[Exercise] Look below for the line that contains "Hyundai Staria 2025 — Фото 10/20", then copy it and each following line exactly, through and including the line that contains "BMW 1 F20 F21".

[Data in this exercise]
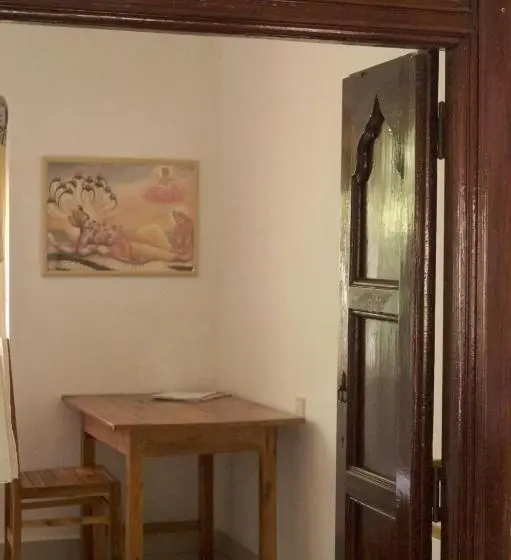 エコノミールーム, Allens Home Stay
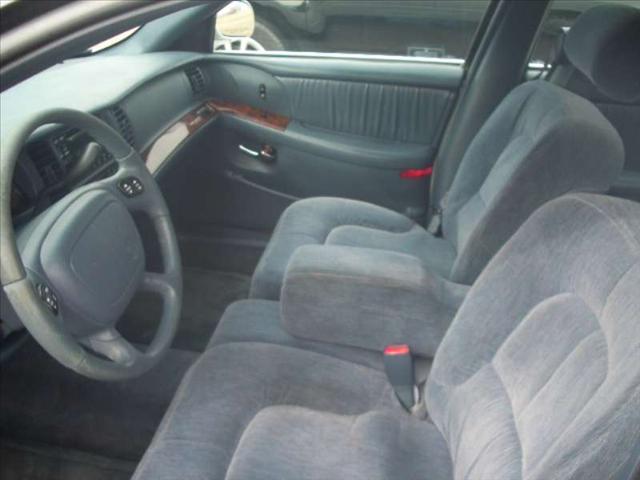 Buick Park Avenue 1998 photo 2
* * *
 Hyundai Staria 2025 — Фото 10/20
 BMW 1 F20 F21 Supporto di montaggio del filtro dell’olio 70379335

[Output for this task]
 Hyundai Staria 2025 — Фото 10/20
 BMW 1 F20 F21 Supporto di montaggio del filtro dell’olio 70379335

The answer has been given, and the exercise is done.